Input for this task: Begin

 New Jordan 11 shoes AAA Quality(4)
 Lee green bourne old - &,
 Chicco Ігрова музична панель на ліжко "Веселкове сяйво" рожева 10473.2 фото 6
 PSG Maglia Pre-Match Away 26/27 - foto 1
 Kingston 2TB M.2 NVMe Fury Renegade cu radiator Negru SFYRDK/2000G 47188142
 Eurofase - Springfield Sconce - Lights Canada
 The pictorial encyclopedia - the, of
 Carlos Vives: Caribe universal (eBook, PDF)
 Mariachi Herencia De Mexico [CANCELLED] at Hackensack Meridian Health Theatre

Input for this task: End
Input for this task: Begin

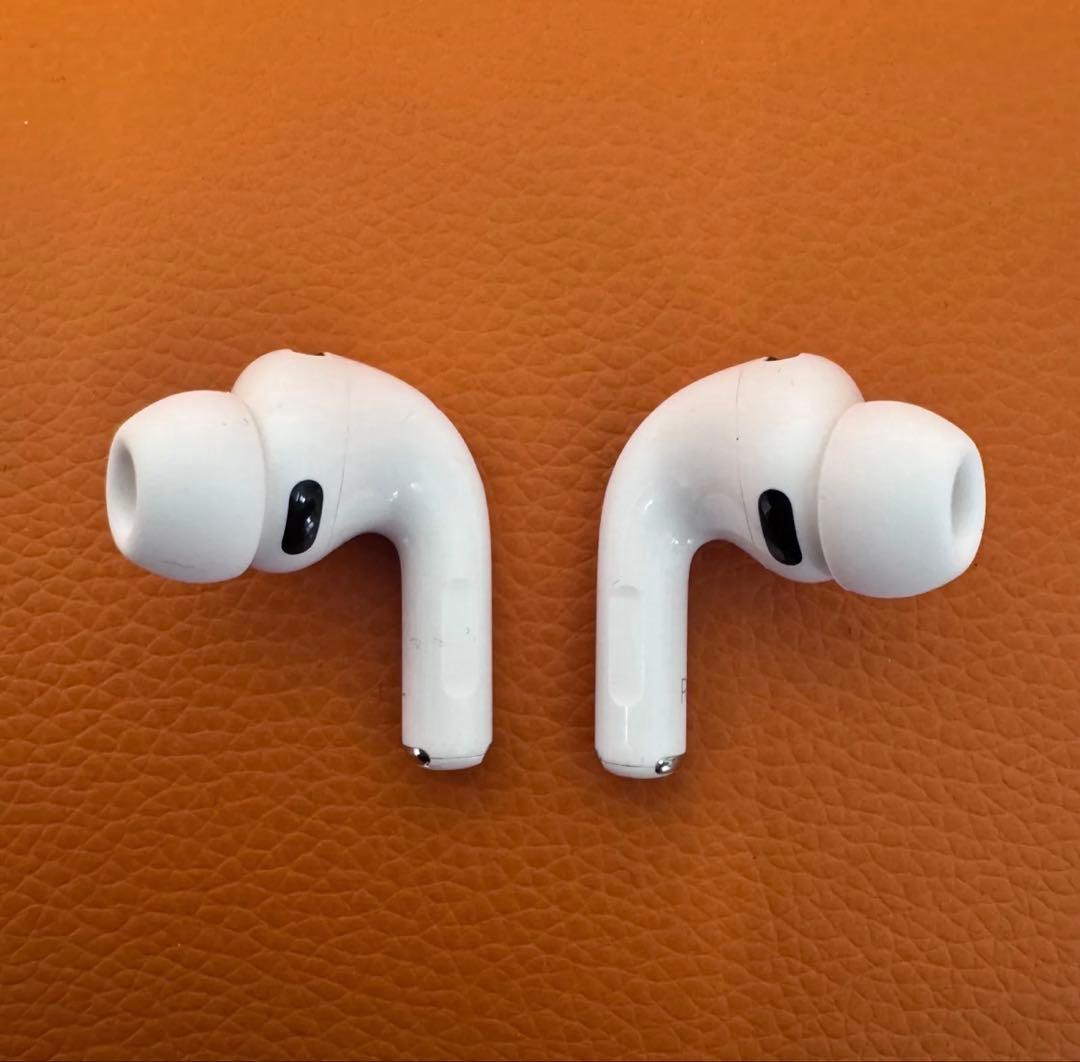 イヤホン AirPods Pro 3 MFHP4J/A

Input for this task: End
Input for this task: Begin

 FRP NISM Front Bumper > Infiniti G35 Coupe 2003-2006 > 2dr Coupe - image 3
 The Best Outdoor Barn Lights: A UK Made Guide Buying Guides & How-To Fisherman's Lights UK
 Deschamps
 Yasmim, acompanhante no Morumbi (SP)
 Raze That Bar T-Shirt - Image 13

Input for this task: End

Activity ->
Starting at the line that has "Yasmim, acompanhante no Morumbi (SP)" and ending at the line that has "Raze That Bar T-Shirt - Image 13", please write out the lines above exactly, leaving out all others.

Exercise answer ->
 Yasmim, acompanhante no Morumbi (SP)
 Raze That Bar T-Shirt - Image 13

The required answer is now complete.